《边城》式人生形式的归依(3)

2018-07-20边城

  三、向人性的归依

  这同样表现在作品的主题思想上,同时也体现在作者对人物的巧妙刻画和细腻的语言运用上。沈从文创造了深化小说的典范,他笔下所描绘出的是带有从容不迫韵味的舒缓格调,将诗和散文相结合,用亲切素淡的语言塑造一个个鲜活的生命形象。于是《边城》中女孩的形象跃然于纸上:“翠翠在风日里长活着,把皮肤变得黑黑的,触目为青山绿水,一对眸子清明如水晶。为人天真活泼,处处俨然如一只小兽物。人又那么乖,如山头黄麂一样,从不想到残忍的事情,从不发愁,从不动气。”   触目是清新淡然的笔调,仿佛随笔带过,却又刻画得入木三分。作者凭着自己敏锐的艺术感受力,捕捉最能传神的片段描写作为人物的延伸和扩散。如成为大人的翠翠会黄昏时看着天上的红云,听着渡口飘来生意人的杂乱声音而感到凄凉,从而萌生“生活太平凡了,忍受不住”“于是,这日子成为痛苦的东西了”的意想。翠翠从小与青山绿水相伴,心灵没沾染一丝尘埃。她乖巧伶俐又带有山区孩子淳朴,纯粹和淡然,宛如天然的水竹,水灵灵的光彩照人,而她在爱情面前的羞涩,欲说还休则更加人性化,尤其是她那既担忧又向往的心理和恼人的情状更是鲜活可爱,以及当她想到自己走后,爷爷的孤独,伤心时便认真的说“爷爷,我一定不走……”作者对翠翠的每一个用词,每一种描绘都带着呵护的情感,这样一个15岁的女孩子身上所展现的便是淋漓尽致的边城人民最善良纯朴的情美。这种自然的人性美同样展现在天保、傩送俩兄弟身上,作者既刻画了他们对爱情的忠诚,也表现了他们手足情深以及甘愿自我牺牲的美好品德。

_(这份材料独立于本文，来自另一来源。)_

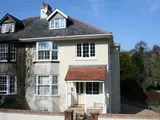 163 Victoria Grove, Bridport, Dorset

  在他的乡下阶层小说里,所有的人性都是真性情的,边城的人“既重义轻利,又能守信自约,即便是娼妓,也常常较之讲道德知羞耻的城市中绅士还更可信。”这里的“一切莫不极有秩序,人民也莫不安分乐生”。《边城》里作者从道德的角度,赋予了中华民族所特有的古朴的人性美和人情美。沈从文用质朴无华,简洁纤细的素描手法,没有复杂的修辞手法和众多的修饰语,把家乡话和口语相互调和,同汪曾琪的小说语言一样,具有深厚的民间地方特色,然而他们描绘的人物真实的存在着,却又“云深不知处”。 《边城》是一首湘西水孕育出的牧歌,她所带给世人的并不是怀古的幽情、苦笑或是噩梦,而正是人们所欠缺的勇气和信心。边城里的人,有着太多的美,寄托着传统中国回归和安守“美”的理想。她们在那个水边的小城里诗意的生活和栖居,他们怀着真诚温暖的情感,超越世俗所要求的伦理道德价值,用人心和人情唱出了这首意蕴久远的水乡牧歌。